In the second application, the data from a symposium at the 1997 meeting of the Society for Research on Child Development (Curran, 1997) were analyzed. The data set contains four repeated measures of $N = 405$ participants from the National Longitudinal Survey of Labor Marketing Experience in Youth on their aggressive behavior. A number of time-invariant covariates, including gender and mother’s age, are also available. The data set exhibits substantial attrition of respondents. Roughly half of the cases have missing observations in the aggressive behavior variable on one or more measurement occasions beyond baseline. To handle the missingness, we created $M = 20$ imputations and utilized the MI2S estimator.

The goal is to fit a linear latent curve model (Bollen & Curran, 2006) to the repeated measurements of aggressive behavior. We included gender and mother’s age as time-invariant covariates, making $n = 6$ . We freely estimated the covariance matrix of the intercept and slope factors. The time-specific residual variances were allowed to be heteroskedastic. This model has 9 degrees of freedom.

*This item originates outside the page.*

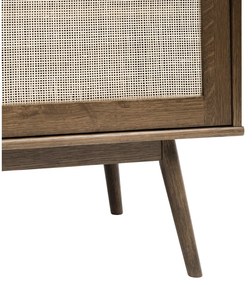 Sötétbarna alacsony komód tolóajtóval, tölgyfa dekorral 180x80 cm Barrali – Unique Furniture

The MI2S test statistic and the FIML test statistic come out to be very similar, that is, $T_{B M} = 16.23, p = .06$ and $T_{F I M L}$ = $16.56, p = .06$ , respectively. In contrast, the naive statistic $T_{M}$ is $21.07, p = .01$ . Once again, the difference between $T_{M}$ and $T_{B M}$ is large enough to lead to qualitatively different conclusions about model fit. The $p$ value associated with $D_{2}$ is $F (9, 199.21) = 1.68, p = .10$ and the $p$ value associated with $D_{3}$ is $F (9, 1926.62) = 1.58, p = .12$ . The RMSEA and TLI based on MI2S estimator are equal to .044 and .893, respectively, with a 90% confidence interval of RMSEA being [.000, .078]. Though not reported here due to space constraints, unadjusted standard error estimates for the structural parameter estimates are all erroneously smaller than the adjusted standard error estimates produced by the MI2S estimator.

Analysis Involving Plausible Values: PISA

As the third application, the MI2S estimator is applied in the mean and covariance structure modeling of a data set containing multiple sets of plausible values: PISA. Conducted triennially by the Organization for Economic Co-operation and Development (OECD), PISA is a system of international assessments that measures 15-year-olds’ literacy in reading, mathematics, and science. The PISA data also include numerous items on student characteristics, student family background, and student perceptions, just to name a few. More information about PISA can be found at http://www.pisa.oecd.org/.

A distinctive characteristic of the PISA data set is that student performance on literacy scales and subscales are reported as $M = 5$ sets of plausible values for each of the scales or subscales. In other words, instead of reporting a single scale score, PISA uses multiple imputation to represent the unknown values of students’ literacy. As such, the MI2S estimator can be effectively employed. Indeed, it can be even simpler than the case of missing data because we do not have to generate the imputations ourselves.

In this particular application, we use data from the assessment conducted in 2006, focusing on the United States school sample. PISA 2006 uses a two-stage sampling design in which schools are first sampled and then students are sampled in the participating schools. Therefore, it is required to use sampling weights or to model the clustered data structure explicitly (or maybe both) for sound statistical analyses.¹ However, for a simple illustration of the MI2S estimator under the presence of multiple sets of plausible values, we ignored the sampling weights.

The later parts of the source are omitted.